A hundred years ago today, Oscar Mathisen and his two Norwegian teammates took a break from skating to look around the town a little bit. Klagenfurt was a pretty little town, approximately 18000 inhabitants, and old—known from the 12th century. They visited sights: the Lindwurm well, the statue of Maria Theresia, the impressive Rathaus building, the cathedral, the House of the Golden Goose. The old part of the town had many interesting and beautiful buildings. (Just like any town I guess.)
In the evening the three Norwegians and some other skaters left their Gasthof to dine in a downtown restaurant. Martin Sæterhaug had a set of teeth that could make a fair number of nile crocodiles and carnivorous dinosaurs blush with envy. As he had finished destroying his food with these instruments and the Norwegians were sitting and chatting a little after their meal, one of the foreign skaters happened to pass a remark on the size and quality of Sæterhaug’s teeth.
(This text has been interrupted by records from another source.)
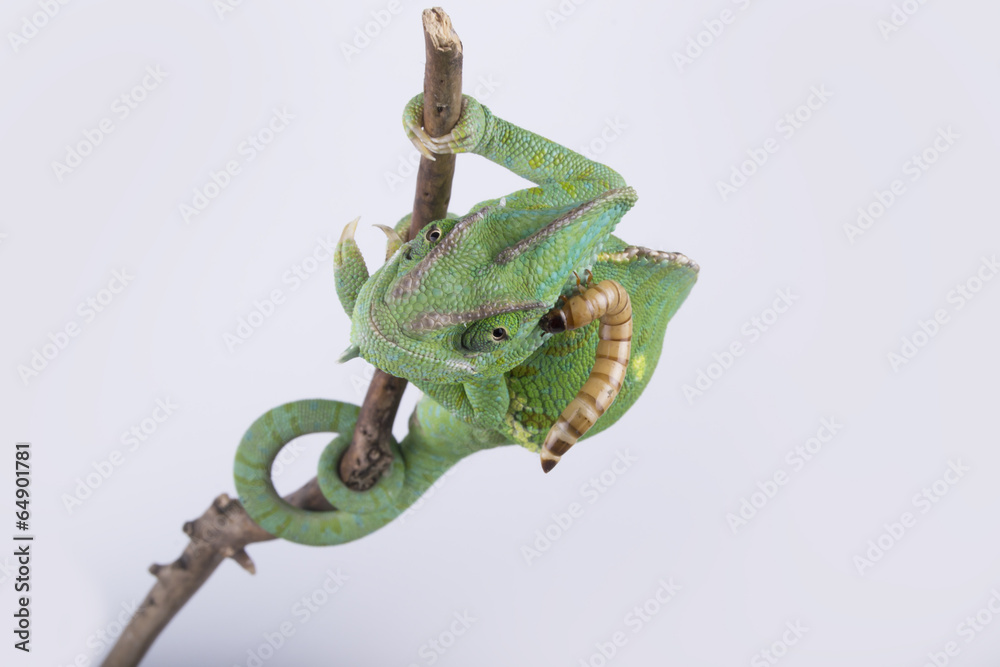 Obraz premium A veiled chameleon with a larva on it's head (beetles insect)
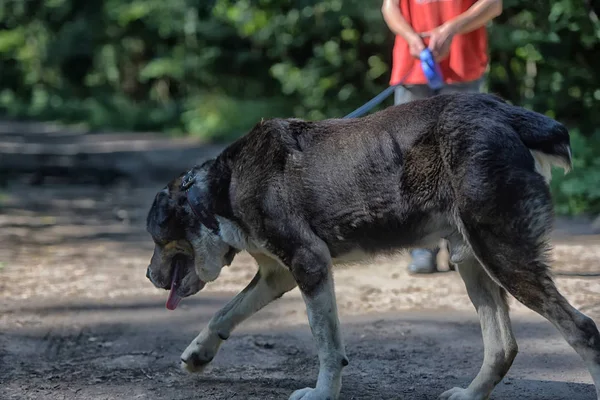 Central Asian Shepherd Dog Velho Doente — Fotografia de Stock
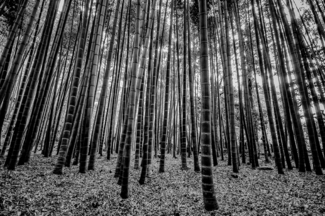 Bamboo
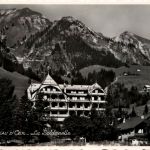 Chateau d Oex - La Soldanelle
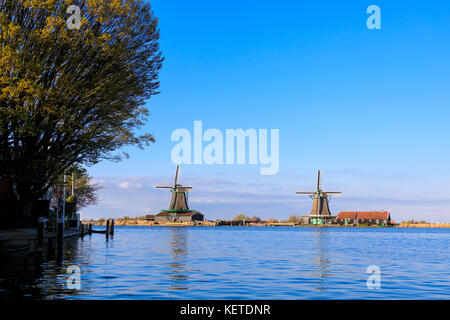 Typischen Windmühlen im blauen Wasser des Flusses Zaan im Frühjahr zaanse schans North Holland Niederlande Europa Stockfoto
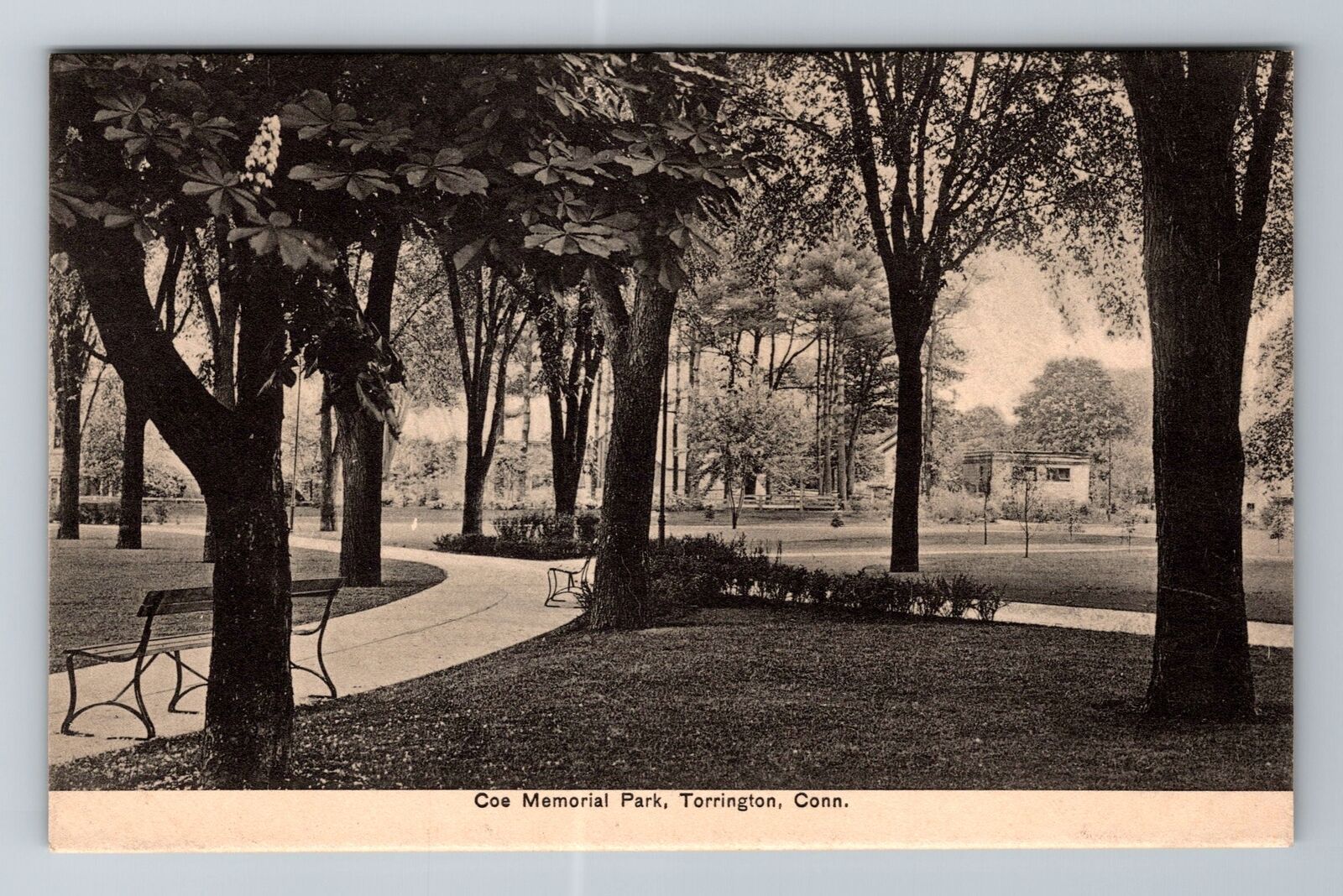 Torrington CT-Connecticut, Coe Memorial Park, Antique, Vintage Souvenir Postcard
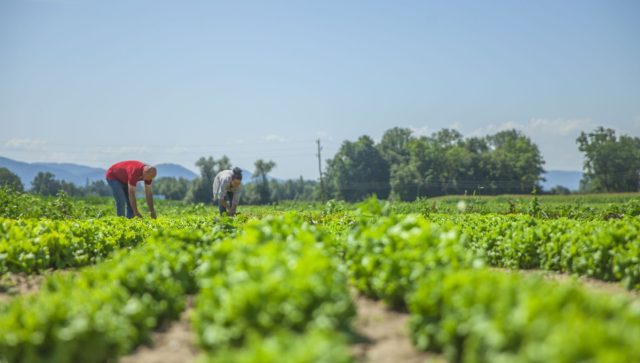 Especialistas de la UNAM desarrollan app gratuita para mejorar cultivos agrícolas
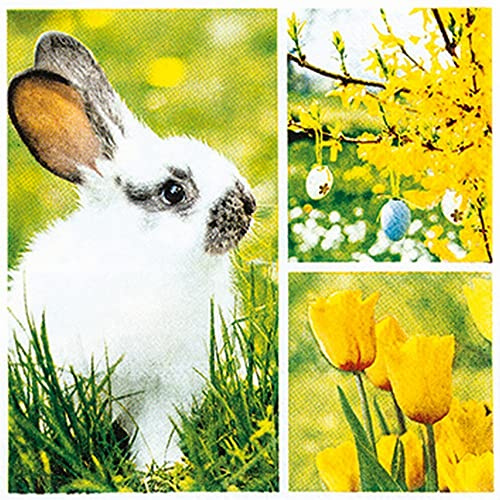 20 kleine Cocktail-Servietten Collage für den Frühling | Hase | Blumen | Tischdeko | Decoupage | Serviettentechnik 25x25cm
The Trønder asked permission to borrow a knife, and when he was given one, he started nonchalantly biting out piece after piece of the edge, until the blade looked more like a saw than the blade of a knife.
As could be expected, this demonstration caused some bit of a stir among those present in the restaurant. And when he was done and gave the knife back to the pleased and/or bewildered owner, he was approached by the head waiter of the restaurant, brandishing a large and dangerous looking kitchen knife. The head waiter asked him if he could please be as kind as to repeat his trick. Sure, the national champion obliged willingly; how could he deny such a polite request?
Oscar says in his memoirs that he had been told by Norwegians visiting the restaurant in later years that the knife was hanging there still as a witness to the fabulous teeth power of the Norwegian skater.
Of all the skating stories I read in my youth I must say this is the one that impressed me the most of all (childish soul that I was), and I developed a desire to go to Klagenfurt myself one day to see if the knife was still hanging there. Unfortunately I have never had the occasion to fulfill it so far.
Doubtless, the knife, and the restaurant, are long gone now.